A YACC-like parser generator for Lua.
All of the code in this repository was originally authored by stravant. So make sure you get your attributions correct! This repository was created so that myself and others may reap the benefits of Git and GitHub upon this project.
This README was adapted from a post made by stravant, which describes how LuaText is used.
See the Links section for various links to original sources.
The follow example gives an overview of how to use LuaText:
luatext = require 'luatext'
parser = luatext.MakeParser(definition)
parser(rule, input, actions)
The luatext
module contains a single function called MakeParser
. This
function accepts one argument, which is a string. This is a grammar
definition, whose syntax is described in the next section. MakeParser returns
a parser function, which is used to parse input. This function accepts three
arguments.
The first argument is a string, which is the name of a rule defined in the grammar. Input will be parsed starting from this rule.
The second argument is the input string to parse.
The third, optional, argument is a table of "actions", which are functions that may be executed while input is parsed. Actions are described in the next section.
The value returned by the parser function depends on the grammar definition. If the definition contains captures (see next section), then the function will return the results of these captures. If not, then it will return as much of the input as it was able to parse. The function will return nil if it was unable to parse the input.
The syntax of the grammar files is close to that of YACC.
The grammar definition is a made up of a set of rules, with the syntax:
<ruleName> := rules ;
More complex rules are made by combining a sequence of base rules, and rules which can be defined using a set of operators. The base rules to start out with are:
<number>
: Any number, possibly with decimal places and exponents on it.<string>
: A string delimited with either double or single quotes.<ident>
: Any valid programming identifier.<word>
: Any sequence of numbers/letters. Like ident, but may start with a digit.<eof>
: Matches the end of the input string.
You can build up the base rules using the following operators, as well as using parentheses to specify order of operations.
<rule> <rule> ...
The sequence operator (plain whitespace). If all of the rules match, then it matches.
<rule> | <rule> | ... :=
The or operator. If any of the rules match, then it matches.
[ <rule> ]
The maybe operator. Matches either the rule or not the rule.
<rule>*
The any-number-of operator. Matches any number of the rule, including zero.
<rule>+
The one-or-more operator. Matches one or more of the rule, but not zero.
`text`
The literal rule. Matches the given text exactly and nothing else.
$( rule )
The everything-up-to rule. Matches everything up to, but not including, the contained rule.
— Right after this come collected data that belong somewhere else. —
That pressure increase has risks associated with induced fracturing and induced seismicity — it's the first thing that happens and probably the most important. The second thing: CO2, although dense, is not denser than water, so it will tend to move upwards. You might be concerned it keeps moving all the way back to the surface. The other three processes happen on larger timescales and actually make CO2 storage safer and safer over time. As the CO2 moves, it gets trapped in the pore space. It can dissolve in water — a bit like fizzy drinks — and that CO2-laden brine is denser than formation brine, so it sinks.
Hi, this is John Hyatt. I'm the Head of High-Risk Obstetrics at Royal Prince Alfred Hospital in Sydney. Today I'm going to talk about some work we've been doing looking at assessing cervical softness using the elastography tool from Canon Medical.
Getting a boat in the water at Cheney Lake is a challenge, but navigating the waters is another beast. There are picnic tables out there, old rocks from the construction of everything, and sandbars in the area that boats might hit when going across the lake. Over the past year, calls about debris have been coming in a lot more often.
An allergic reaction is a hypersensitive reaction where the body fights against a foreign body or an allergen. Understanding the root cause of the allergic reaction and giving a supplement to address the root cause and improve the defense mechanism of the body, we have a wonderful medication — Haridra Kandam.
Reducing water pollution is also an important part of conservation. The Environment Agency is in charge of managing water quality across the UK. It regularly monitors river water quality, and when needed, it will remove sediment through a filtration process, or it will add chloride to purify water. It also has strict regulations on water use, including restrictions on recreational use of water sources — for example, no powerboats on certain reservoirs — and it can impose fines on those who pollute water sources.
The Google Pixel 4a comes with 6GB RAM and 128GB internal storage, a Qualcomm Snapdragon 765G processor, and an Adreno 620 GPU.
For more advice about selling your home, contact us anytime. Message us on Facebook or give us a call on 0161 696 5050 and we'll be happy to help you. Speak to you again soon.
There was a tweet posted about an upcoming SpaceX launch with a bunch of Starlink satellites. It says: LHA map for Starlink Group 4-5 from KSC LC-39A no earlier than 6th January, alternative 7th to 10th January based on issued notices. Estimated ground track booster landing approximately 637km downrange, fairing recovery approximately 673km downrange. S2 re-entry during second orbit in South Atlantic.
The next concept is an error-point. An error point is a type of rule which turns a non-match into an error. If any of the rules after an error point fail to match, then the error specified in the error point will be thrown. An error point is written as a string delimited with exclamation points:
!Error: Code after me failed.!
The final concept is that of a capture. It would be relatively useless if all the parser could do was verify that something matched. A capture lets you execute some sort of action or build some sort of data structure when something matches, rather than just simply matching it. Each top-level rule has a piece of data associated with it, and the following captures can be used to manipulate it:
{}( <rule> )
The simple capture. It sets the piece of data to what the rule matched. i.e.
data = match
{name}( <rule> )
The named capture. It sets the field name
of data to what the rule
matched. i.e. data.name = match
{[]}( <rule> )
The array capture. It appends what the rule matched to the data. i.e.
data[#data+1] = match
{name[]}( <rule> )
The named-array capture. It appends what the rule matched to the name
field of the data. i.e. data.name[#data.name+1] = match
There is one more special kind of capture. This is the action capture, which calls one of the functions in the table of actions passed to the generated parser function (Usage). The action capture is written like so:
{name()}( <rule> )
The action capture calls the function name
in the actions table, with what
the rule matched as the argument. The rule's data will be set to whatever the
function returns. i.e. data = name(match)
Here are some example grammars:
<vector> := <number> `,` <number> `,` <number> ;
Matches any set of three numbers separated by commas.
<print> := `print` ( <string> | `(` <string> `)` ) ;
Matches a simple Lua print statement. That is, a "print" followed by either a plain string, or a string and brackets.
<vector> := {x}( <number> ) `,` {y}( <number> ) `,` {z}( <number> ) ;
Same as the first vector match, but captures the three coordinates into the data struct. The data struct for the vector rule starts out empty, and then the named-captures will set the x, y, and z fields of the data table to three coordinates.
<printVectorCommand> := `print` {printVector()}( <vector> ) ;
Here's an example of a complete top level rule. Using the rule from that last example, we can also use an action-capture to do something with the captured coordinates. Now if you added a "printVector" function to the actions table when you call this rule, the printVector function would be called with the table of x/y/z coordinates that the vector rule captured.
See the examples directory for more complicated examples.